「星野君、素直におめでとうと言いたいところだけど・・・。」


「・・?」


部長では無いけど・・
“大原”という名前から、

“部長”とあだ名がついている大原先輩に話し掛けられる。


「よりにもよってセイズ署の刑事課かぁ。」


「どういうことですか?」


「あそこはかなり手厳しい部署だと思うぞ。
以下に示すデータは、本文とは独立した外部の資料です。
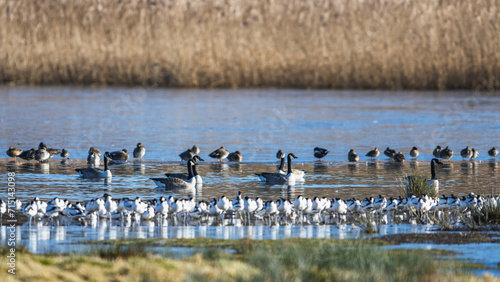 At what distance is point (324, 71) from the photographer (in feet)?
114

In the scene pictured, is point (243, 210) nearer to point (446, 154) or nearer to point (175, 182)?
point (175, 182)

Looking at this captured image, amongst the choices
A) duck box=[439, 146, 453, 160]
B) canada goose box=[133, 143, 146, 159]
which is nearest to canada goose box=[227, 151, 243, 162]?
canada goose box=[133, 143, 146, 159]

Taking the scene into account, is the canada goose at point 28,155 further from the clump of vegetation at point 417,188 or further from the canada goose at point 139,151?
the clump of vegetation at point 417,188

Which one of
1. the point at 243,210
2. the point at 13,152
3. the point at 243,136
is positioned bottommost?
the point at 243,210

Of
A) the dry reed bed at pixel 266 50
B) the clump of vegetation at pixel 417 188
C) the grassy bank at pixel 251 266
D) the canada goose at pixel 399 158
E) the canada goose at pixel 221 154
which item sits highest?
the dry reed bed at pixel 266 50

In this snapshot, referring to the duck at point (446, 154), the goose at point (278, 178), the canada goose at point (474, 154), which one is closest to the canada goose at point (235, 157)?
the goose at point (278, 178)

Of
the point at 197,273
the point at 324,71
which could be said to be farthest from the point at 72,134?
the point at 197,273

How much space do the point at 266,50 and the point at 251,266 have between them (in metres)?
27.8

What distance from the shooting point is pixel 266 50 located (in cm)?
3550

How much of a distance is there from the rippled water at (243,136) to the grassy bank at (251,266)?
1488 mm

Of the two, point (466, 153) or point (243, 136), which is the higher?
point (243, 136)

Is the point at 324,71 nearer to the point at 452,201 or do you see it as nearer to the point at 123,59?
the point at 123,59

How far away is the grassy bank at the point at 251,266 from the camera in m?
7.49

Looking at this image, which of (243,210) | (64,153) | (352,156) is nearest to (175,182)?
(243,210) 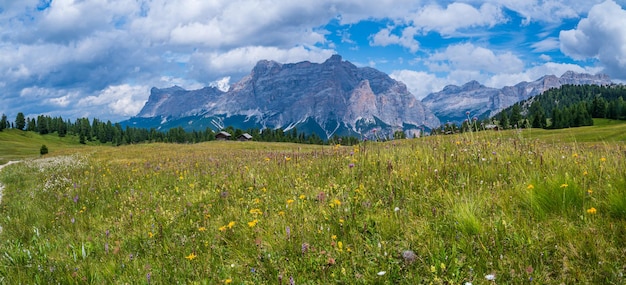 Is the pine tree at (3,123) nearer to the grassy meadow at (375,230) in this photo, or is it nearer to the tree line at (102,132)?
the tree line at (102,132)

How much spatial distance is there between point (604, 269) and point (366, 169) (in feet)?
14.4

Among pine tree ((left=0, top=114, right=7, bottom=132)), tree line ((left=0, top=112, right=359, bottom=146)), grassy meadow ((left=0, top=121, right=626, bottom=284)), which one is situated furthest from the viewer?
tree line ((left=0, top=112, right=359, bottom=146))

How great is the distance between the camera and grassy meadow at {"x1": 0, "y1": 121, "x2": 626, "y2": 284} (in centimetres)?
324

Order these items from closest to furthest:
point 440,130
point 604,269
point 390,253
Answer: point 604,269 < point 390,253 < point 440,130

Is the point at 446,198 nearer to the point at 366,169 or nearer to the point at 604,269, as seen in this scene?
the point at 604,269

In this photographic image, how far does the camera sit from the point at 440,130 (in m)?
10.8

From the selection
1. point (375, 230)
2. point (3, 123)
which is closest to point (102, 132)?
point (3, 123)

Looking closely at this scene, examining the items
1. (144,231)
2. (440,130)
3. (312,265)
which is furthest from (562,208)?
(440,130)

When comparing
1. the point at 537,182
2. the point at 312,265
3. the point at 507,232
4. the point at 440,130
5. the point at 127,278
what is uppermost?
the point at 440,130

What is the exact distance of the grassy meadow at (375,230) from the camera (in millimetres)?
3242

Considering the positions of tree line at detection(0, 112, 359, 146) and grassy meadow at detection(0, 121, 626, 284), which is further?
tree line at detection(0, 112, 359, 146)

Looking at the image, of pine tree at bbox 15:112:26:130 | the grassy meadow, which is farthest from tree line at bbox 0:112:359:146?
the grassy meadow

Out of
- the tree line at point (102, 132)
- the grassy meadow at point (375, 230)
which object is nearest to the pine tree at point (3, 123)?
the tree line at point (102, 132)

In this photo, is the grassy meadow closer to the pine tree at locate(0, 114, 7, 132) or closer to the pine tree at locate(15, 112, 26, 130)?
the pine tree at locate(0, 114, 7, 132) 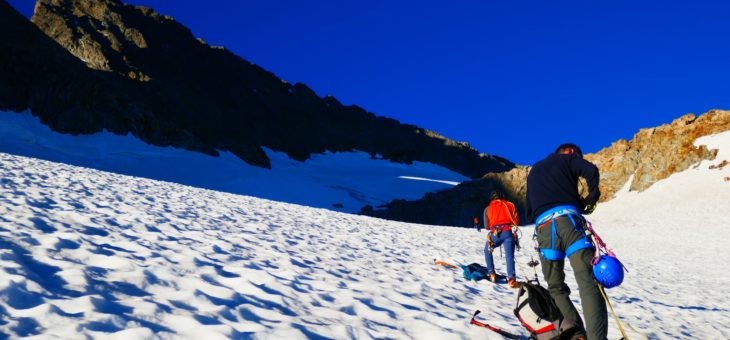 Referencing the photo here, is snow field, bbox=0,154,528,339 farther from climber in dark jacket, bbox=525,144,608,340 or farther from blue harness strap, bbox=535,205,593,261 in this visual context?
blue harness strap, bbox=535,205,593,261

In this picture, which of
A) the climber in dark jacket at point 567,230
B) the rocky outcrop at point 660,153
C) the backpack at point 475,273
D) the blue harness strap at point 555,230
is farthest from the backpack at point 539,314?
the rocky outcrop at point 660,153

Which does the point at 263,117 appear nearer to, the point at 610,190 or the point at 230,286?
the point at 610,190

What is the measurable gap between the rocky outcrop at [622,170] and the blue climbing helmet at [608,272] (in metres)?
45.0

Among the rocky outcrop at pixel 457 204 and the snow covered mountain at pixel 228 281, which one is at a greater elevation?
the rocky outcrop at pixel 457 204

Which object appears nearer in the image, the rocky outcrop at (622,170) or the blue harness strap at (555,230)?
the blue harness strap at (555,230)

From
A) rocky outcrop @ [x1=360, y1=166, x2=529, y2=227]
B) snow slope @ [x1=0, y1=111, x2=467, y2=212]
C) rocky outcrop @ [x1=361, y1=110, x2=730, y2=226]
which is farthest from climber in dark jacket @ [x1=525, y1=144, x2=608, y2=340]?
rocky outcrop @ [x1=360, y1=166, x2=529, y2=227]

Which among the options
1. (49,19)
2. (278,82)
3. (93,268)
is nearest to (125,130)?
(49,19)

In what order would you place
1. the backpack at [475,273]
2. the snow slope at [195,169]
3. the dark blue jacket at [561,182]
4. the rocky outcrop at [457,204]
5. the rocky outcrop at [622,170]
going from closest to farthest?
the dark blue jacket at [561,182] → the backpack at [475,273] → the rocky outcrop at [622,170] → the snow slope at [195,169] → the rocky outcrop at [457,204]

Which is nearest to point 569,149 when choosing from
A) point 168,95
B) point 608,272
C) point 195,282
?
point 608,272

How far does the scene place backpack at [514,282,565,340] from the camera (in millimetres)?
4512

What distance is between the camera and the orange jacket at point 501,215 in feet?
A: 27.1

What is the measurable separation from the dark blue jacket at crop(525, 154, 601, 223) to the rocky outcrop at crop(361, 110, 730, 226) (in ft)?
146

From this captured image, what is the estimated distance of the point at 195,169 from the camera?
60.3 metres

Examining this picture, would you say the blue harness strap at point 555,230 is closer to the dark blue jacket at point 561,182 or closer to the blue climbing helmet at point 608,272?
the dark blue jacket at point 561,182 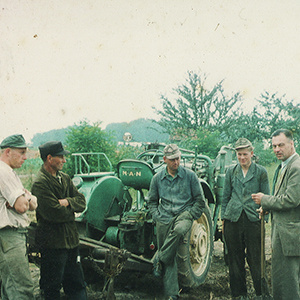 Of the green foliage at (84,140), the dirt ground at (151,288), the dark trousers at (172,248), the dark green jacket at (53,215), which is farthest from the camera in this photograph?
the green foliage at (84,140)

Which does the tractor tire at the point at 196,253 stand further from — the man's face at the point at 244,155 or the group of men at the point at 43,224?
the group of men at the point at 43,224

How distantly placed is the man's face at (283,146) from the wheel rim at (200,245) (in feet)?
5.75

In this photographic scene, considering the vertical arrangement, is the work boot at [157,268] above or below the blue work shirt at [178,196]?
below

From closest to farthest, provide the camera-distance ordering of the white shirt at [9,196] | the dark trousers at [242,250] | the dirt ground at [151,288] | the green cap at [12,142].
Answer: the white shirt at [9,196]
the green cap at [12,142]
the dark trousers at [242,250]
the dirt ground at [151,288]

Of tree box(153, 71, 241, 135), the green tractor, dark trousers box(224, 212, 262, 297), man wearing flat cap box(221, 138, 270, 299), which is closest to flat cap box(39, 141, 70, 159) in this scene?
the green tractor

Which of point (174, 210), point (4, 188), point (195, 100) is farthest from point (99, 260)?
point (195, 100)

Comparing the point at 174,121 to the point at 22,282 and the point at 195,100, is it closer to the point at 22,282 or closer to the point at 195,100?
the point at 195,100

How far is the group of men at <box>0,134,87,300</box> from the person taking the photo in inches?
125

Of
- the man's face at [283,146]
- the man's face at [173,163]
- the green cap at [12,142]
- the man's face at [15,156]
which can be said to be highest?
the green cap at [12,142]

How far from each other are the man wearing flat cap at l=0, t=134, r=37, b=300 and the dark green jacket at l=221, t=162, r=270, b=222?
238cm

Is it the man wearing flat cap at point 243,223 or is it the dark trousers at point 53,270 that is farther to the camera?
the man wearing flat cap at point 243,223

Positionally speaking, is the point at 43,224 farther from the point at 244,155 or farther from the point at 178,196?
the point at 244,155

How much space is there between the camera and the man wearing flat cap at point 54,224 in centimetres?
361

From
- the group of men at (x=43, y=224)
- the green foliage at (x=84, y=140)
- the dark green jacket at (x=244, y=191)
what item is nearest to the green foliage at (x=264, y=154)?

なんてたって・・・。」


「あ、【被疑者検挙率100%】の事ですか?」


「そうそう。

全国の警察署の中で唯一、

“絶対に犯人を逃さない”事で有名なセイズ署の刑事課なんだから・・。

恐らく相当スパルタというかストイックな捜査をしてると思われる。」


「セイズ署には被疑者の移送や引き継ぎで何度も足を運んだことありますが、

確かに刑事課の皆さんはどこかオーラが違いましたからね・・。」


「俺な、あそこに何人も知り合いがいるから聞いた事あるんだよ。

“どうして絶対に犯人捕まえられるんだ?”って。」


「・・・・・・・・・。」


「詳しい内容は絶対に教えてくれなかったけど、

“物的証拠さえ挙げればいいんだから簡単だよ”・・って一言だけ。」


「もの凄い自信の現れですね・・。」


「そうだろ?あいつらまるで、

“犯人は最初から分かってる”
っていう前提で話してくるんだよ。」


「誤認逮捕の話も聞いた事ないし、よっぽど卓越した捜査が行われるんでしょうね・・。」


「星野君なら大丈夫だと思うけど、

もしあそこの環境が辛くなったりしたらいつでも戻ってこいよ。」


「ありがとうございます。

でも・・むしろ嬉しいですよ。

絶対に犯人を逃さない集団の一員になれるなんて。」